The act was limited to six months, but in two months afterwards,
during the same session, Congress, believing that the indefinite
extension of it would effect its object sooner, passed such a law.
Within the year, Prussia, the Netherlands, and the Hanse Towns
repealed their discriminating duties upon American vessels in their
ports, and their vessels were consequently admitted into the ports
of the United States upon corresponding terms.
Much was gained compared with what had been our carrying trade.
Still the great object, to get and to give an indirect trade, had
failed. It had been defeated by the refusal of England to relax
that clause of the Navigation Act of Charles II, ch. 12, which
prohibited the produce and manufactures of every foreign country
from being imported into Great Britain except in British ships or
in such as were the real property of the people of the country or
place in which the goods were produced or
Page 51 U. S. 169
from which they could only be or were most usually exported. The
same principle had been adopted by the Continental nations to
protect their own from the superior mercantile marine of England.

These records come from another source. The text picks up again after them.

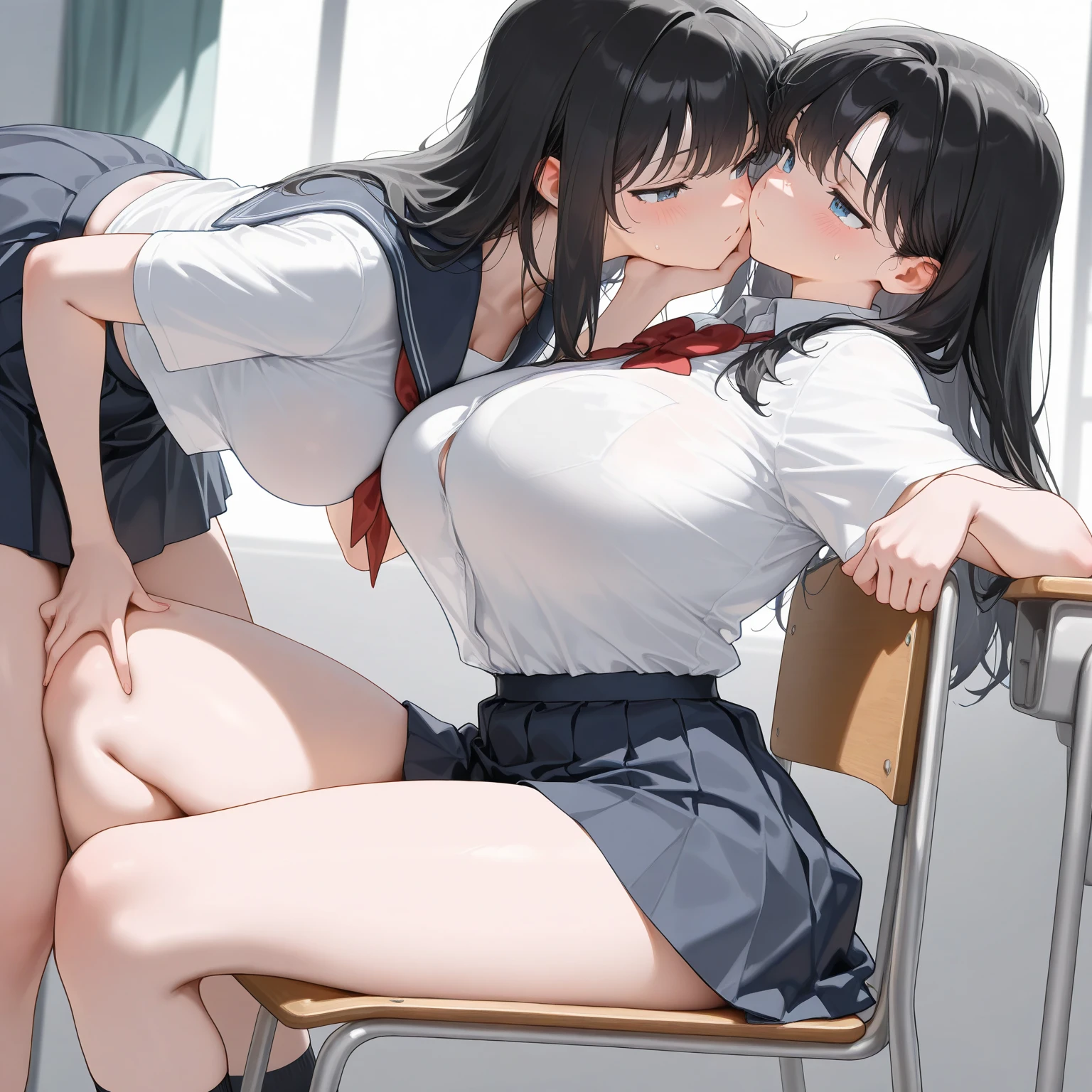 (8k, raw photo, masterpiece, extremely detailed, best quality, dynamic moving, only 1 picture, single image), BREAK (2 girls:1.5), (close up models, they are coming closer to me:1.3), nsfw, (beautiful and adorable girls), high quality, (they are looking at me, they are looking at the viewer:1.5), (they are looking up me:1.2), (front view, they are facing to me:1.5), bitches, lewd, blush, BREAK (sexual appeal battle, they are fighting each other with their sexual appeal:1.2), (competition of sexual appeal:1.2), (2 girls beg me to have sex with herself desperately and competitively:1.5), (they have very strong desire to have sex:1.2), (they are rivals and enemies with each other, they are in conflict each other:1.5), (they each want to be chosen and fucked by me:1.3), (they are dying to have sex, they wish to be a sexual slave of me), (they are ingratiating to me and competing sexual appeal and each of them wants to be my most favored sexual slave:1.3), (desperately and disgraceful competing:1.5), (they are showcasing the sexual allure of their bodies to me competitively, they are lifting their own tits with hand:1.5), BREAK (sweat drops), drool, (love juice, pussy juice), (pubic hair:1.2), tear drops, nipples, pussy, partially nude, sexual arousal, estrus, lust, (shouting), pleading, obsequious, ingratiating, tear-filled eyes, dynamic, (desperation), desperately miserable, BREAK plump body, 18 years old girls, BREAK school, classroom, school uniform, skirt, bare feet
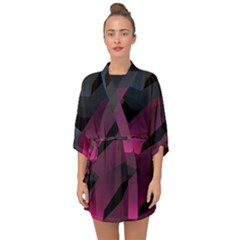 Hexagon Geometric Art Design Half Sleeve Chiffon Kimono by danenraven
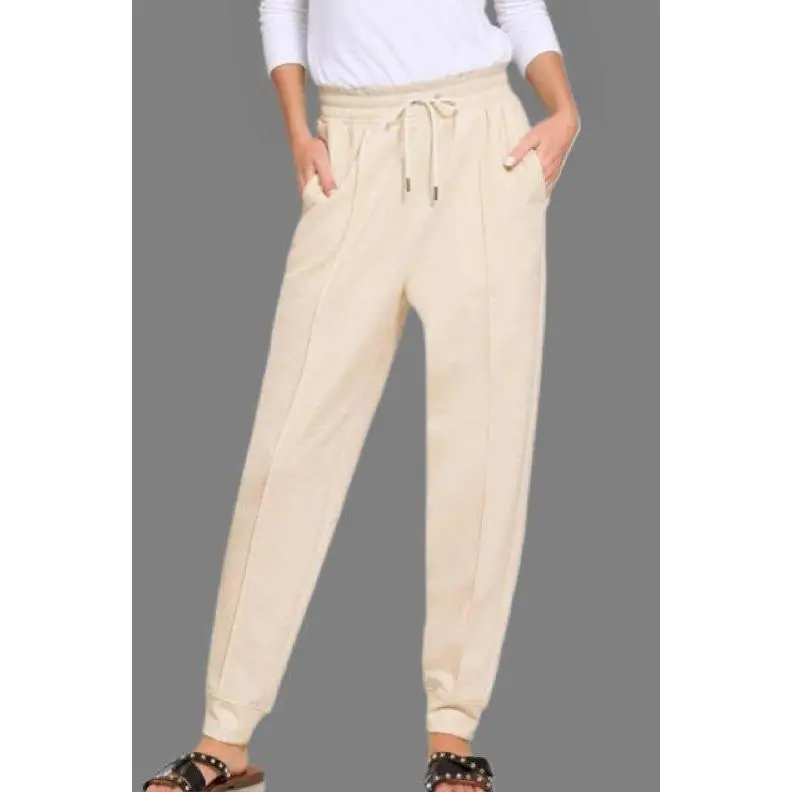 Drawstring Scuba Sweatpants with Pockets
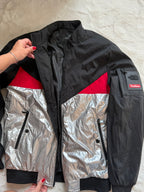 Klassische leichte Herren-Jacke – Schwarz/Silber/Rot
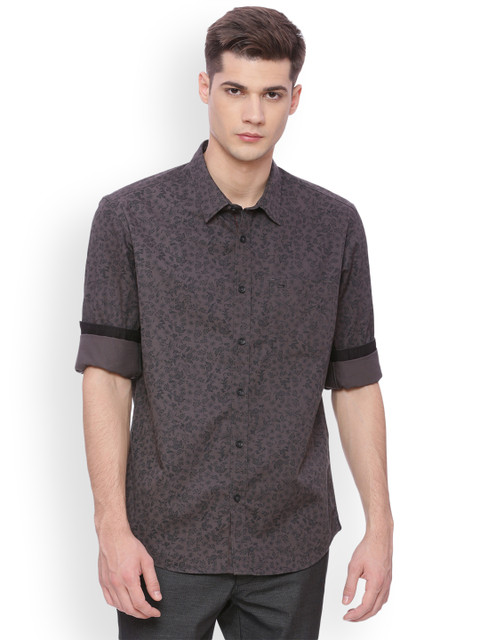 

Basics Men Grey Slim Fit Printed Casual Shirt
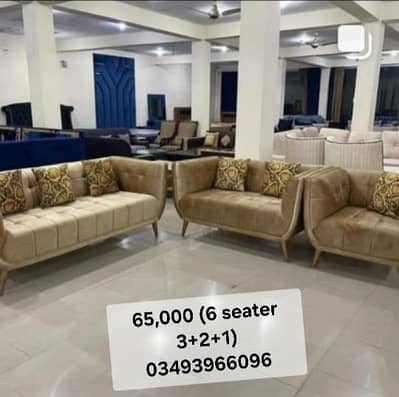 Stylish Six Seater - (3+2+1) Sofa Sets  Different COLORS And DESIGNS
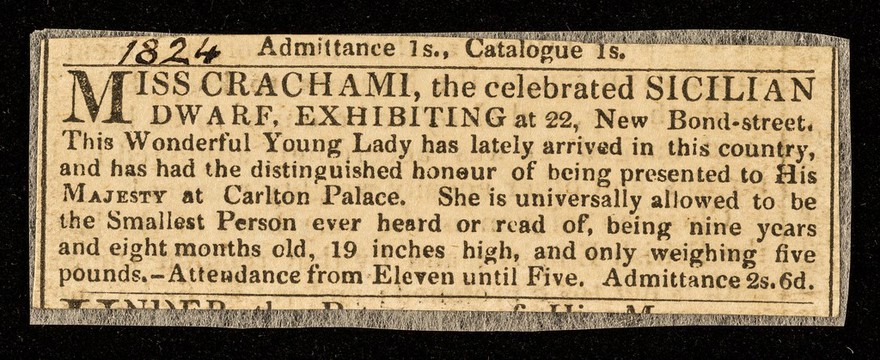 Miss Crachami, the Sicilian dwarf exhibiting at 22 New Bond-street.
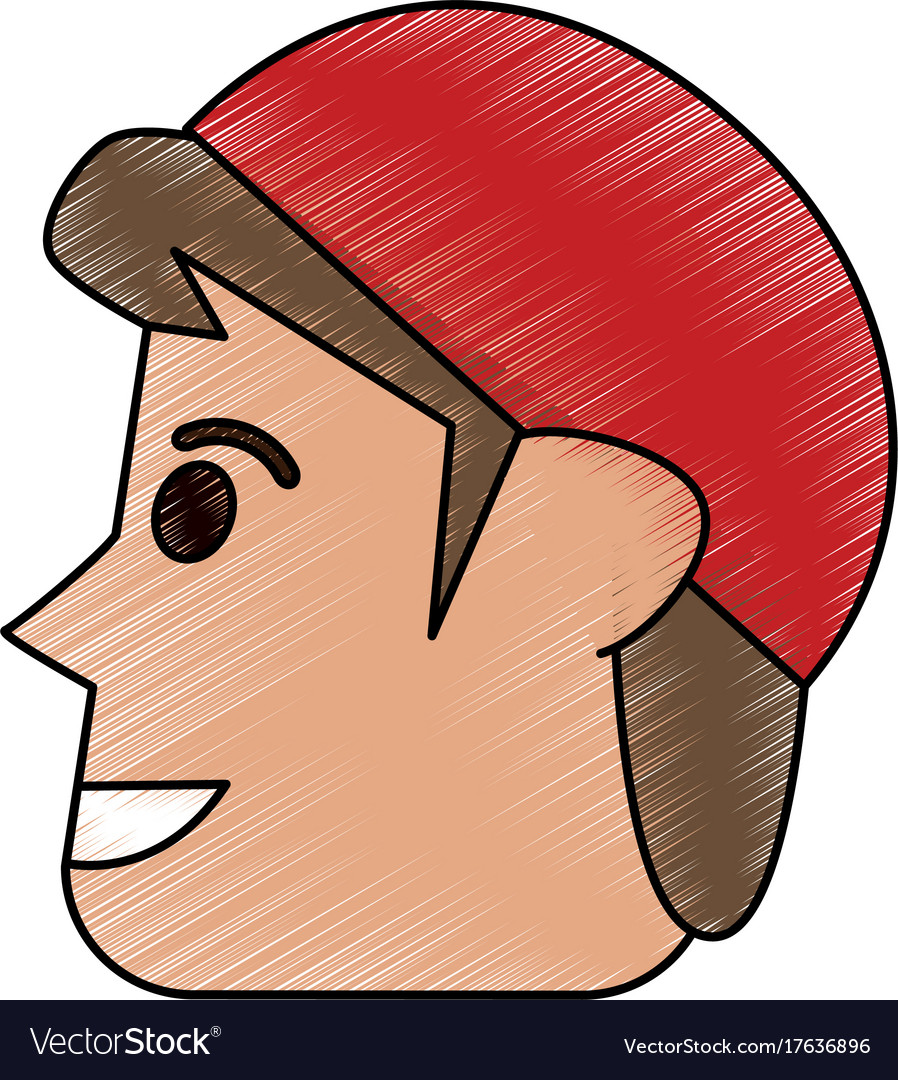 Man avatar head sideview icon image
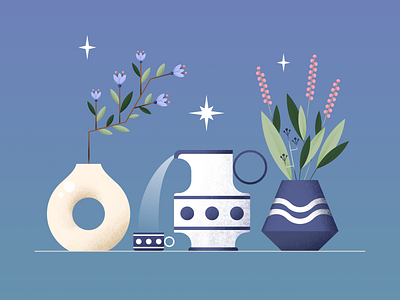 Pottery and flowers blossom color design digital flat flowers greens illustration pattern plants pottery stars vase vector water watering can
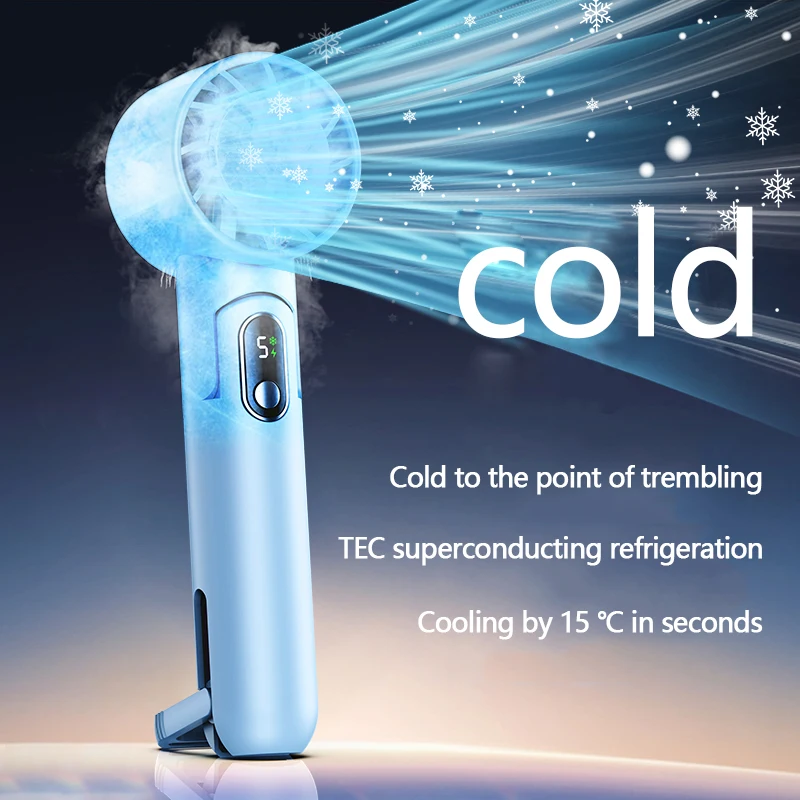 Chladiace ľadové balíčky Mini ručný ventilátor skladací krk prenosný USB Outdoor nabíjanie Bao 4000 mAh batéria 5 rýchlostných ventilátorov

Its increase, too, of English tonnage and commerce, its influence
upon both of the other nations of Europe, and the recollection of
its ruinous effects upon the trade of the Dutch, which it was
originally meant to crush, had misled the judgment of most European
statesmen into the conclusion that it was an essential regulation
to protect the navigation of each nation from the competition of
others. But the general pacification of 1815 restored the long
suspended commercial intercourse between them, and with it sounder
views of trade. It was believed -- indeed, it had become known --
that there were nations in Europe who had become as anxious as the
United States was to rid themselves of the restrictions imposed
upon their commerce by the English Navigation Act.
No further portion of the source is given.